Leases. The provision of the 1908 act54, whereby any Indian of the Five Civilized Tribes may make a surface lease of his homestead lands for a period not to exceed one year and of his surplus lands for a period not to exceed five years, has undoubtedly led to great abuses. The misrepresentations to the unlettered Indians of the terms of the instruments they are signing and the grossly inadequate rentals paid demand immediate changes in the existing situations. Another unfortunate result of the present situation is that at times the Indians will frustrate unwittingly desired sales of their lands by leasing them without the knowledge of the government, after the latter has placed them on the market for sale at the Indian owner's request. Although a complete assumption by the government of the leasing of Indian lands—negotiation, execution, and collection—would perhaps secure the greatest return to the owners, this would undoubtedly cause many delays, require a great increase in the present field force, and be a step backward in the task of training the Indian for economic competency. The more feasible proposition is that the Indian be allowed to negotiate leases of his land as formerly, but that the executed document be invalid without the approval of a duly authorized representative of the Indian Service. Also, no receipt for rent should be binding unless witnessed by an employee of the government. If leases for not more than one year were subject to the approval of the several field clerks, and only the longer-term leases submitted to the Muskogee office, there would be no appreciable delay in the handling of leases, and great savings would be secured for the Indians.

Probate of Estates of Minors and Incompetents. On account of several notorious cases, the administration of the estates of minors and incompetents by the probate courts of Oklahoma has received much unfavorable attention. There is reason to believe that, as in other phases of the relation of the State of Oklahoma to the Indians of the Five Tribes, a changed public sentiment is gradually bringing about improved conditions. Although the nominal administration of the estates of minor and incompetent Indians is in the state courts, it should be noted that where restricted lands or funds are involved, the ultimate authority over this property rests with the Indian Office. A considerable portion of the work of the probate attorneys has been the approval of the requests of guardians for the expenditures of funds within the control of the Department. Although the probate attorneys should pass on such questions as the allowance of guardian and attorney fees, and should see that the estates of this nature are administered according to the statutes of Oklahoma and the regulations of the Indian Office, there is no reason why the approval of ordinary expenditures for food, clothing, and other routine expenses should require the service of a man with legal training. It is work which could be done better and more cheaply by a social worker or even by a high-grade clerk.

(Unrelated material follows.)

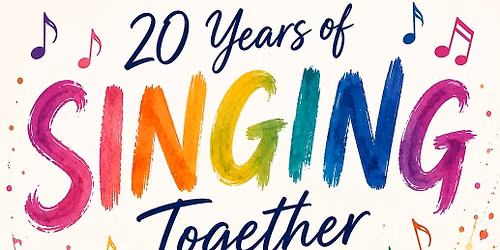20 Years of Community Singing (Kathy's Choir Anniversary)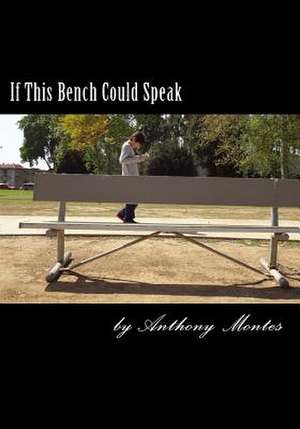 If This Bench Could Speak de Anthony Montes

If the ward has no property in respect to which the government has retained its trust title, then the estate is beyond federal jurisdiction, and no method is apparent by which the property thus once relinquished can be brought again under the national aegis. Although several probate attorneys have rendered good service, even in such cases, there is considerable question whether under the law their duties extend to these estates. It is recommended that, either by instructions from the Indian Office or by statute if necessary, the probate attorneys be directed to render service in all cases where the Indian wards, because of ignorance or lack of funds, are unable to secure proper legal advice, or where there is an appearance of fraud.

In many cases where no probate proceedings have been taken in the state court, the Superintendent of the Five Civilized Tribes is required to determine the distribution of restricted funds among the heirs. At present the evidence is secured by means of ex parte affidavits, a practice believed dangerous and reprehensible. The general provisions of law relating to the probate of Indian estates do not apply to the Five Civilized Tribes, but in cases where no proceedings have been had in the state courts of Oklahoma and action by the Office of Indian Affairs is necessary, it is urged that the determination of heirs be made in accordance with the regulations of the Indian Office applicable to Indians elsewhere. The probate attorneys would be well-suited to perform the duties of the inheritance examiners.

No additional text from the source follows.